La Commission nationale des femmes avait pris connaissance de l'application haineuse le 1er janvier après avoir été taguée sur Twitter par une victime. La présidente du NCW, Rekha Sharma, avait précédemment déclaré à The Indian Express qu'elle avait également été en contact permanent avec la Cyber ​​Cell de la police de Delhi, surveillant l'avancement des enquêtes sur ces deux applications. sonde d'ordres, enregistré FIR

“Ces incidents sont très regrettables. Il ne s'agit pas de femmes hindoues ou musulmanes. Les communautés des deux religions doivent s'unir et protéger leurs femmes. Ces applications ne visent pas à blesser les communautés des autres, mais à blesser les femmes. La police ne devrait pas non plus traîner les pieds dans de tels cas », avait déclaré Sharma.
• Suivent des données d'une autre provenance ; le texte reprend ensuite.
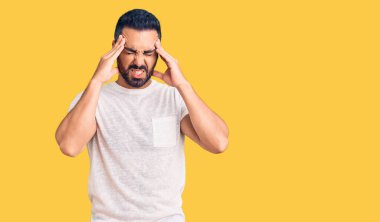 Stres yüzünden başı ağrıyan Latin kökenli genç bir adam günlük kıyafetler giyiyor. migren ağrısı.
Sharma a en outre déclaré que la commission avait collaboré avec des plateformes de médias sociaux – elle a tenu plusieurs réunions avec Twitter, Facebook et Google – pour résoudre le problème de ces applications.
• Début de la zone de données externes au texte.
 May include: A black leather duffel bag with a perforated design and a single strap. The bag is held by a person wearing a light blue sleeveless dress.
Entre-temps, après avoir été interrogé sur ces applications à Le programme Indian Express e-Adda s'est tenu lundi soir, la ministre de l'Union pour le développement de la femme et de l'enfant, Smriti Irani, a déclaré qu'elle avait été en contact avec les départements de l'informatique et des télécommunications sur la question de la sécurité des femmes sur Internet.
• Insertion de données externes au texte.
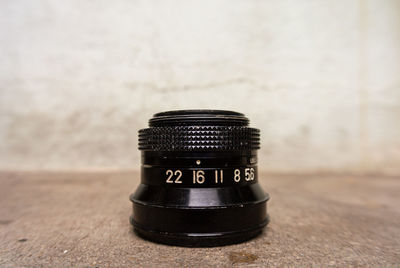Close-up of camera lens on floor against wall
« Les femmes, quelle que soit leur religion, ont été privées de leur dignité sur les plateformes de médias sociaux. Je suis reconnaissant que la police enquête sur cette question. Je suis absolument convaincu que les coupables seront punis. Mon souhait est également celui-ci… J'ai eu le privilège de dialoguer avec les juges de la Cour suprême… pour m'assurer que nous accélérons les affaires. La loi prévoit un prononcé rapide. Mais il y a eu du laxisme compte tenu de la charge qui pèse sur les tribunaux de notre pays », a-t-elle déclaré.

Irani a ajouté : « Mais j'espère qu'entre le système policier et le système judiciaire, de plus en plus de cas où les femmes obtiennent justice seront révélés. Je veux utiliser cette plate-forme pour dire que c'est une question sur laquelle, quelle que soit notre politique, nous devons nous rassembler. eu des conversations, dit-elle, autour de l'impact de la pornographie sur l'esprit des jeunes. “Il est temps de revoir cette conversation”, a déclaré Irani.